The new rules have been structured to protect investors by providing them with more information regarding asset-backed securities, which played an integral role in the recent economic downfall.
One rule, which will go into effect next year, requires financial institutions and banks that issue asset-backed securities to scrutinize the assets underlying each security, in turn the SEC feels this will ensure that the loans are an accurate reflection of what is being sold to investors. It has been reported that the markets for securities supported by mortgage, auto, student loans and credit cards have remained unstable since the crisis due to investors being uncertain about the quality of the loans.
Moreover, the findings drawn from the review would have to be made public, the agency said.

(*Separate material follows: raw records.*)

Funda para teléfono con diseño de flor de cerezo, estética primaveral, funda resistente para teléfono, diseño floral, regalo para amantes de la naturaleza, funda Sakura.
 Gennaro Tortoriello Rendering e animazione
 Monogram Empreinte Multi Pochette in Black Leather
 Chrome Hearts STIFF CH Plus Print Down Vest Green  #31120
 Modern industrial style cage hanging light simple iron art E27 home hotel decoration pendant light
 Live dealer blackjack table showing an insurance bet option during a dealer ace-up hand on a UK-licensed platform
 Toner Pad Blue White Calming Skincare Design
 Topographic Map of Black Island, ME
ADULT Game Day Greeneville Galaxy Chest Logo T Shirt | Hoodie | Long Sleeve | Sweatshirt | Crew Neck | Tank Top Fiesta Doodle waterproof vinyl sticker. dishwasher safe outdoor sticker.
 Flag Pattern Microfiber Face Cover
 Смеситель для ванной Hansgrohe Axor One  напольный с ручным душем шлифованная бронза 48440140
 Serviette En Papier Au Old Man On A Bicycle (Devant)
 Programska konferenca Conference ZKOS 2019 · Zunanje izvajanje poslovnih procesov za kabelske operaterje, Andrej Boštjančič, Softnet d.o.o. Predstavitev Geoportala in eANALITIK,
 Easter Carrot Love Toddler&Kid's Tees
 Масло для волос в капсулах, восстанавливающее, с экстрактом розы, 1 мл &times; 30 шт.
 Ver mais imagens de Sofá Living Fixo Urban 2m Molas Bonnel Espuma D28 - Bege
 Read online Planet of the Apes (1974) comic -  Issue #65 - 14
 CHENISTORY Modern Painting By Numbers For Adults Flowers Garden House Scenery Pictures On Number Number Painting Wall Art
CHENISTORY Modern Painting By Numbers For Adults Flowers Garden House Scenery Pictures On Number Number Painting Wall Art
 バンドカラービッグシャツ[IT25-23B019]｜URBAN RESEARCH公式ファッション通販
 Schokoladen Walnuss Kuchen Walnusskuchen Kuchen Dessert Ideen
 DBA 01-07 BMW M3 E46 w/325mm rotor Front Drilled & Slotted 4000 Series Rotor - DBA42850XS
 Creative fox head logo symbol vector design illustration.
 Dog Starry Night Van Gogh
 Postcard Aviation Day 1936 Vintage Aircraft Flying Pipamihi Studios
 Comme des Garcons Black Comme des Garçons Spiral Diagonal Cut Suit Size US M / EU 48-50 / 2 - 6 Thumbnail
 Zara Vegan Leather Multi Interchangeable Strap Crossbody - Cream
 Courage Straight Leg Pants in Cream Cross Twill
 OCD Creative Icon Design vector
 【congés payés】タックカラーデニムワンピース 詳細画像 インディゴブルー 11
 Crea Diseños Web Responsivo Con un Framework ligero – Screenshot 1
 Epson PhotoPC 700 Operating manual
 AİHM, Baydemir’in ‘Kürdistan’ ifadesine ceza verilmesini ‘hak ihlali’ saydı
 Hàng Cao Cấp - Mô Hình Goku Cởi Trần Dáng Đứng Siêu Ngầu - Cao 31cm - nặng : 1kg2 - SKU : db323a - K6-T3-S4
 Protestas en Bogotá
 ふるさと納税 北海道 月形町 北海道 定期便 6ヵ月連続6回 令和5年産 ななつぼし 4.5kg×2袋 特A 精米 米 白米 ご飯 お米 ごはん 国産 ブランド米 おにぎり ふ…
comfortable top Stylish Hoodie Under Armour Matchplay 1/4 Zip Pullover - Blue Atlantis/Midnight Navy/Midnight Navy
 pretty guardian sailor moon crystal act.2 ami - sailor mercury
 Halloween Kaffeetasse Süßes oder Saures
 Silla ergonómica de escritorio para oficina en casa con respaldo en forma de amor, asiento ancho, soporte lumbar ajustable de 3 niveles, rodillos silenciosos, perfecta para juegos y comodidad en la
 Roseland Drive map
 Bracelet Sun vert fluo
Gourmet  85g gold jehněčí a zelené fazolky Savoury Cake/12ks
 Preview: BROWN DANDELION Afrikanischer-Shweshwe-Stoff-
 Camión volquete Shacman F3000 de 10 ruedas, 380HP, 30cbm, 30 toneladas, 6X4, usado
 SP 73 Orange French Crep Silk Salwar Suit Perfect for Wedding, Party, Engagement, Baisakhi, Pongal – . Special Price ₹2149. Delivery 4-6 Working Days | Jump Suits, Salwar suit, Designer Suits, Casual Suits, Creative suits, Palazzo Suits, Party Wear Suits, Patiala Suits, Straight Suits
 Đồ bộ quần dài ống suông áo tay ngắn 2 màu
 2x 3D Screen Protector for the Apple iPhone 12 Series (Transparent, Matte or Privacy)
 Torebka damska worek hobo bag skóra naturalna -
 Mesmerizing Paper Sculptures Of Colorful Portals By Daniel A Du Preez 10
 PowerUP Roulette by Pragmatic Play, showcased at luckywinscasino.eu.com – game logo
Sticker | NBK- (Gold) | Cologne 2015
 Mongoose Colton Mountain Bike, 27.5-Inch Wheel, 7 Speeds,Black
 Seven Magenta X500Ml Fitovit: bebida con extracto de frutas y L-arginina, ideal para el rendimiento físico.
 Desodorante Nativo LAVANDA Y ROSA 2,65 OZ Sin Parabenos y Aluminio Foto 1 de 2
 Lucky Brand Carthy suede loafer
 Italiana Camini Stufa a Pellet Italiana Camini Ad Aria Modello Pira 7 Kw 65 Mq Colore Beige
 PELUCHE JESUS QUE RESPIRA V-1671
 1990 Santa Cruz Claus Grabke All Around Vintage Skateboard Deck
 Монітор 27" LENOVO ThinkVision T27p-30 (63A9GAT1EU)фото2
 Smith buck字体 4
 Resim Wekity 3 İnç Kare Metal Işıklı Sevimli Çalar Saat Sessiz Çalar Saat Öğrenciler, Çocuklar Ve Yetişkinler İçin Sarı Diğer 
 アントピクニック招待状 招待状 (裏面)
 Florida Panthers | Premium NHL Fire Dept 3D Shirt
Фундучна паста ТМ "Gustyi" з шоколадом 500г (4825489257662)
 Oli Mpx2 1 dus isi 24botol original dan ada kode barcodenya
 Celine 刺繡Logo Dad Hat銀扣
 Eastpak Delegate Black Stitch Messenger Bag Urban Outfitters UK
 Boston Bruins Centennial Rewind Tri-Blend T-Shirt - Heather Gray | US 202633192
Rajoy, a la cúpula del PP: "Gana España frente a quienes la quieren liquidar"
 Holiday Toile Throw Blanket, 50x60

The commission voted 3-2 in favour of the rule, with SEC Chairman Mary Schapiro and commissioners Elisse Walter and Luis Aguilar supporting and Commissioners Kathleen Casey and Troy Paredes opposing, the Wall Street Journal reports.
Further, the federal watchdog adopted another rule, effective February 2012, that requires issuers to report and provide information regarding requests from lenders to repurchase loans.
‘At one time, the securitization market provided trillions of dollars of liquidity to virtually every sector of the economy,’ says Schapiro. ‘However, during the financial crisis, ABS investors suffered significant losses, causing the market for securitization to rapidly decline [and] these rational measures are designed to help revitalize the important asset-backed securities market by encouraging better disclosure for investors.’
Additionally, the SEC approved rules requiring rating agencies to disclose information about the representations issuers make about a security, the journal said.
The new rules were approved unanimously and received backing from organisations such as the American Securitization Forum (ASF) which lauded the SEC’s efforts in making asset-backed securities more transparent for investors.
‘We commend the commission for seeking industry input regarding reforms in the asset-backed securities market and appreciate that the final rules approved today for repurchase disclosure,’ says Tom Deutsch executive director of ASF. ‘While the commission did announce steps attempting to alleviate this concern, it is unclear without seeing the final rules whether issuers will continue to be able to offer investors cost-effective due diligence by independent third parties.’